(PROBLEM TO WORK ON)
An exact reproduction of the entries is needed. Keep all pictures out of it.
################
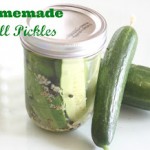 Homemade Dill Pickles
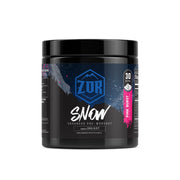 ZOR Labs Snow Pink Burst bottle highlights a clean energy boost for workouts.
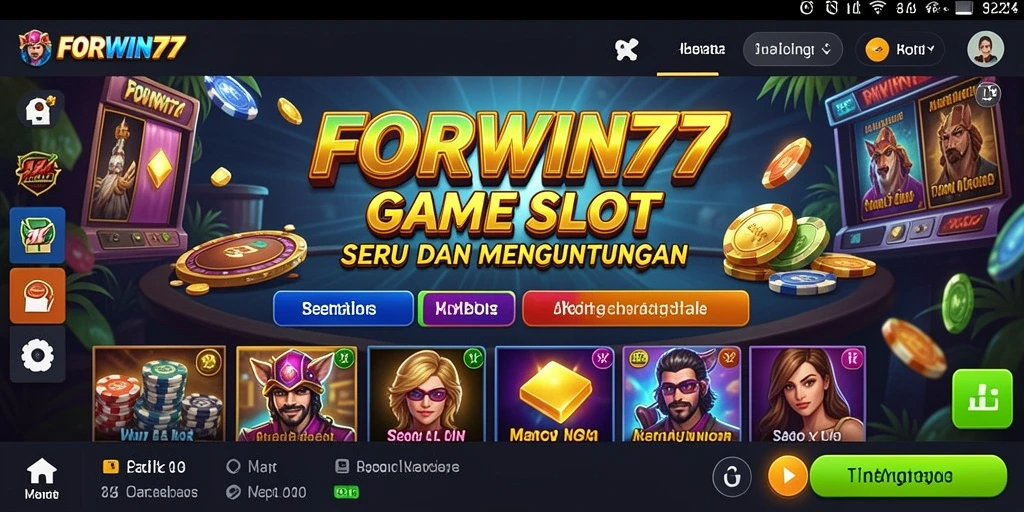Screenshot gameplay FORWIN77 yang menampilkan tema slot menarik.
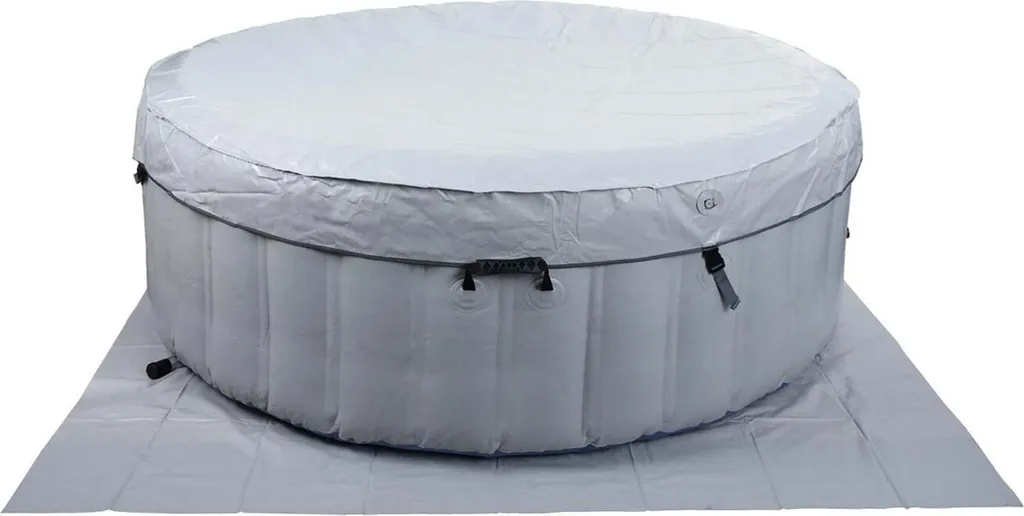 Whirlpool MCW-N97, 5 Personen, In-/Outdoor heizbar aufblasbar Pumpe PVC laminiert, rund Ø 198cm, grau-blau – Bild 6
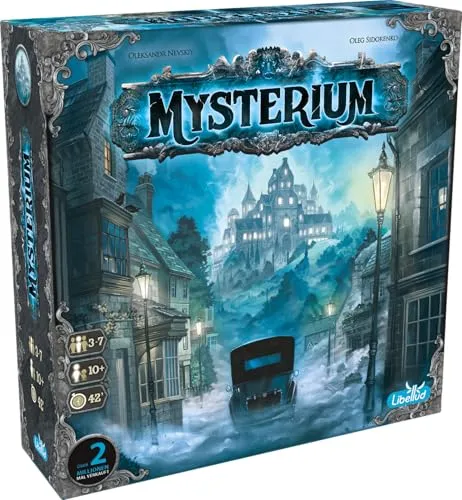 Mysterium (Refresh) - Kooperatives Deduktionsspiel, in dem ihr als Spiritisten einen mysteriösen Mordfall lösen müsst. Nutzt bildhafte Visionen des Geistes und arbeitet schnell, bevor die Zeit abläuft!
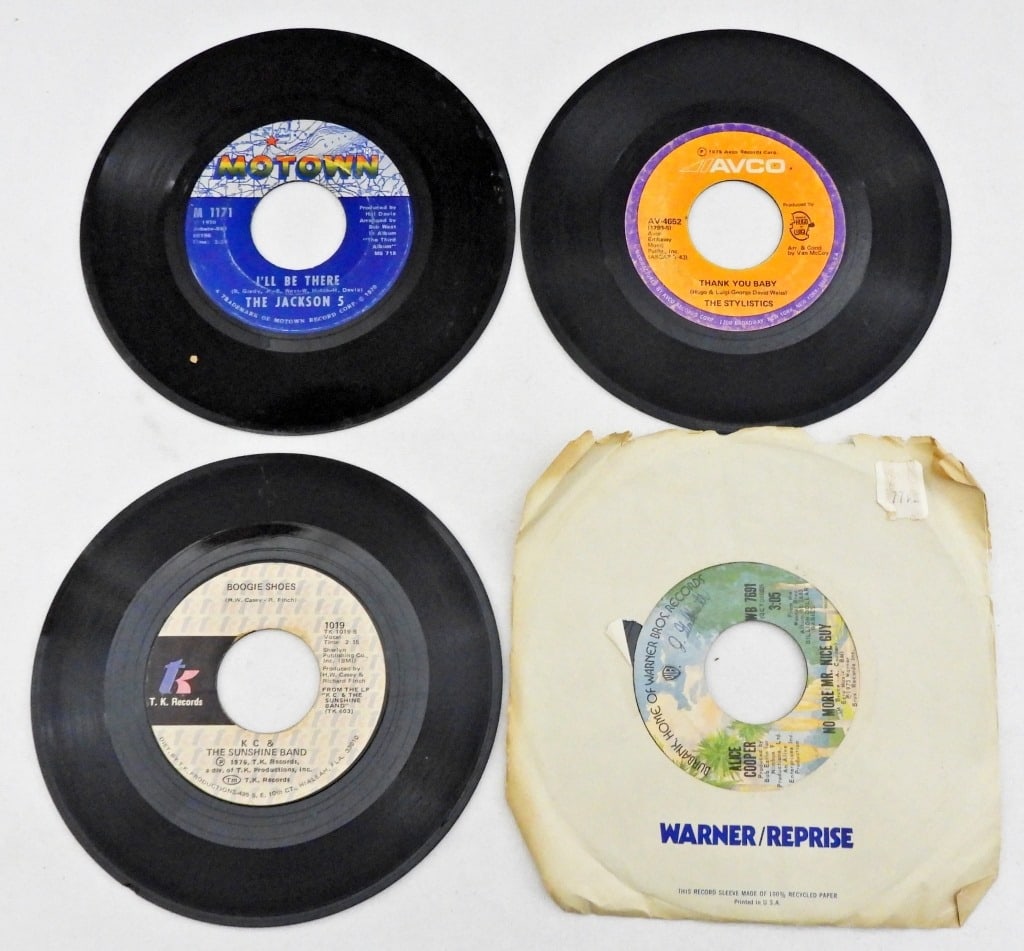 (4) RECORDS: THE JACKSON 5, ALICE COOPER (1 of 2)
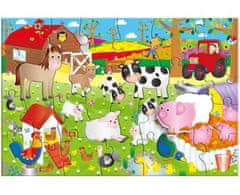 GALT Veľké podlahové puzzle - na farme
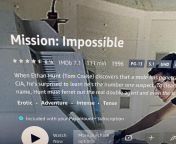 Mission Impossible is tagged as an Erotic Film in Paramount+ from mutlu son erotic film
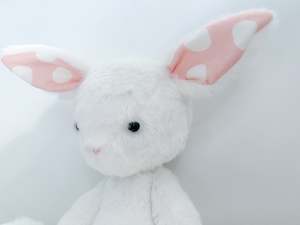 Minky Collection: Minky Bunny in White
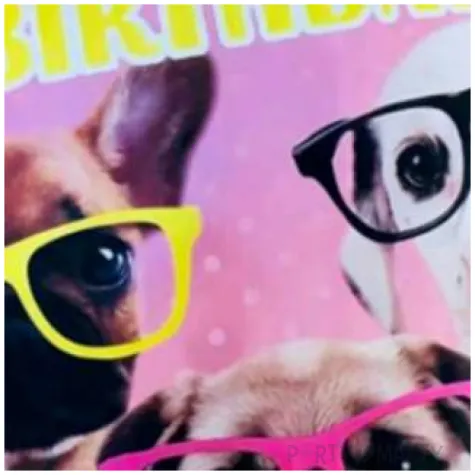 balon foliowy happy birthday psy w okularach jix 18 rnd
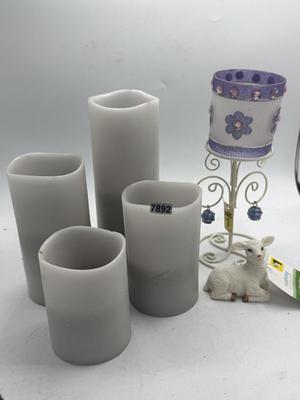 Battery operated candles-great for winter weather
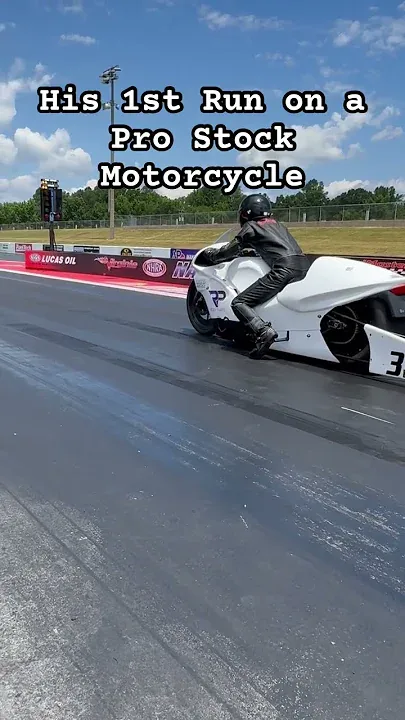 His Very FIRST Time on a Pro Stock Motorcycle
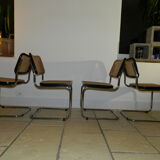 4 chairs Marcel Breuer model Cesca edition Gavina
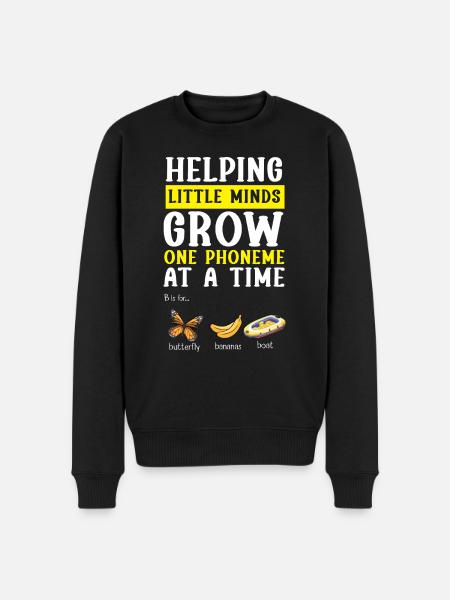 Phonics Awareness, Reading Comprehension, Phonics - Men's Premium Organic Jumper - black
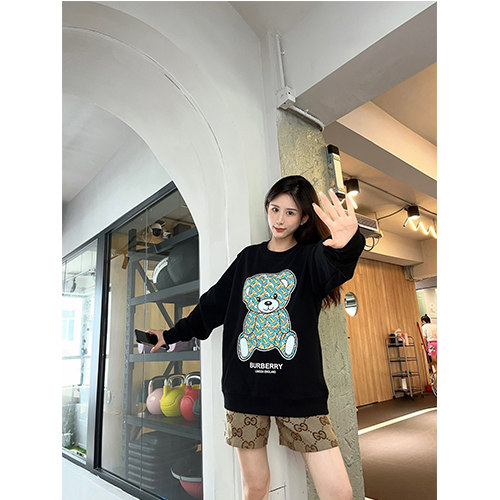 バーバリー 偽物メンズ レディース スウェットTシャツ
################
(RESULT OF THE TASK)
 Homemade Dill Pickles
 ZOR Labs Snow Pink Burst bottle highlights a clean energy boost for workouts.
Screenshot gameplay FORWIN77 yang menampilkan tema slot menarik.
 Whirlpool MCW-N97, 5 Personen, In-/Outdoor heizbar aufblasbar Pumpe PVC laminiert, rund Ø 198cm, grau-blau – Bild 6
 Mysterium (Refresh) - Kooperatives Deduktionsspiel, in dem ihr als Spiritisten einen mysteriösen Mordfall lösen müsst. Nutzt bildhafte Visionen des Geistes und arbeitet schnell, bevor die Zeit abläuft!
 (4) RECORDS: THE JACKSON 5, ALICE COOPER (1 of 2)
 GALT Veľké podlahové puzzle - na farme
 Mission Impossible is tagged as an Erotic Film in Paramount+ from mutlu son erotic film
 Minky Collection: Minky Bunny in White
 balon foliowy happy birthday psy w okularach jix 18 rnd
 Battery operated candles-great for winter weather
 His Very FIRST Time on a Pro Stock Motorcycle
 4 chairs Marcel Breuer model Cesca edition Gavina
 Phonics Awareness, Reading Comprehension, Phonics - Men's Premium Organic Jumper - black
 バーバリー 偽物メンズ レディース スウェットTシャツ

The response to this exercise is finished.